Task description: Every line of the records below from the line with "Kitchen interior at" up to and including the line with "Cable Solcor Para" must be reproduced exactly, and no line outside that range.

======== Information ========

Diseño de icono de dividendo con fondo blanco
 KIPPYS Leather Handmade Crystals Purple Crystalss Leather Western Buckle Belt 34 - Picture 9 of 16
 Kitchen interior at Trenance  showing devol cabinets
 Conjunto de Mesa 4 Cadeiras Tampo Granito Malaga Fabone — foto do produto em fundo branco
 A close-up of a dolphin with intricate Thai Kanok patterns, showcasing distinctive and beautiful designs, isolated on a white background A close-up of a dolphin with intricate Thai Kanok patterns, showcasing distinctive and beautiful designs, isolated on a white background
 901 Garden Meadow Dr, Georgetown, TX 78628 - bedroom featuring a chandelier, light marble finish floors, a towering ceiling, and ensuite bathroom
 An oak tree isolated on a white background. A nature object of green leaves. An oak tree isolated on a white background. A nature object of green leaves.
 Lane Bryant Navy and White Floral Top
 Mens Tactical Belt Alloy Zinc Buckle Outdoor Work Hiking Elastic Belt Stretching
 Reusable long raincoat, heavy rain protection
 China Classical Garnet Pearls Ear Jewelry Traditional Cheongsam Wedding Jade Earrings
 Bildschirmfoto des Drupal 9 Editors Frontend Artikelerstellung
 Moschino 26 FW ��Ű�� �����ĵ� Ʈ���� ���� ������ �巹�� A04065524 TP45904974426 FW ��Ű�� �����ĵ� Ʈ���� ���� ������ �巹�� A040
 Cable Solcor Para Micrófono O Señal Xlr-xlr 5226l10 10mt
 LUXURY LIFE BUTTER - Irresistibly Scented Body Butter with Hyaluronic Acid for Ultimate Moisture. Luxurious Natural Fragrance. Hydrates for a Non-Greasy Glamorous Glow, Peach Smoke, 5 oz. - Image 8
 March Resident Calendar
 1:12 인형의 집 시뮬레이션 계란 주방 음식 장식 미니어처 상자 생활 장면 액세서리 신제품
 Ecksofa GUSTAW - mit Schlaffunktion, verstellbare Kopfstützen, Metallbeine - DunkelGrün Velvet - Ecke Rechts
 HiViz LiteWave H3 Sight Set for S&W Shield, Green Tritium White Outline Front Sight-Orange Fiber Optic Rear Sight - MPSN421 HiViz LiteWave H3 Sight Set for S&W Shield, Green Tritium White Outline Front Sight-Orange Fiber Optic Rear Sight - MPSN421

========

Response:
 Kitchen interior at Trenance  showing devol cabinets
 Conjunto de Mesa 4 Cadeiras Tampo Granito Malaga Fabone — foto do produto em fundo branco
 A close-up of a dolphin with intricate Thai Kanok patterns, showcasing distinctive and beautiful designs, isolated on a white background A close-up of a dolphin with intricate Thai Kanok patterns, showcasing distinctive and beautiful designs, isolated on a white background
 901 Garden Meadow Dr, Georgetown, TX 78628 - bedroom featuring a chandelier, light marble finish floors, a towering ceiling, and ensuite bathroom
 An oak tree isolated on a white background. A nature object of green leaves. An oak tree isolated on a white background. A nature object of green leaves.
 Lane Bryant Navy and White Floral Top
 Mens Tactical Belt Alloy Zinc Buckle Outdoor Work Hiking Elastic Belt Stretching
 Reusable long raincoat, heavy rain protection
 China Classical Garnet Pearls Ear Jewelry Traditional Cheongsam Wedding Jade Earrings
 Bildschirmfoto des Drupal 9 Editors Frontend Artikelerstellung
 Moschino 26 FW ��Ű�� �����ĵ� Ʈ���� ���� ������ �巹�� A04065524 TP45904974426 FW ��Ű�� �����ĵ� Ʈ���� ���� ������ �巹�� A040
 Cable Solcor Para Micrófono O Señal Xlr-xlr 5226l10 10mt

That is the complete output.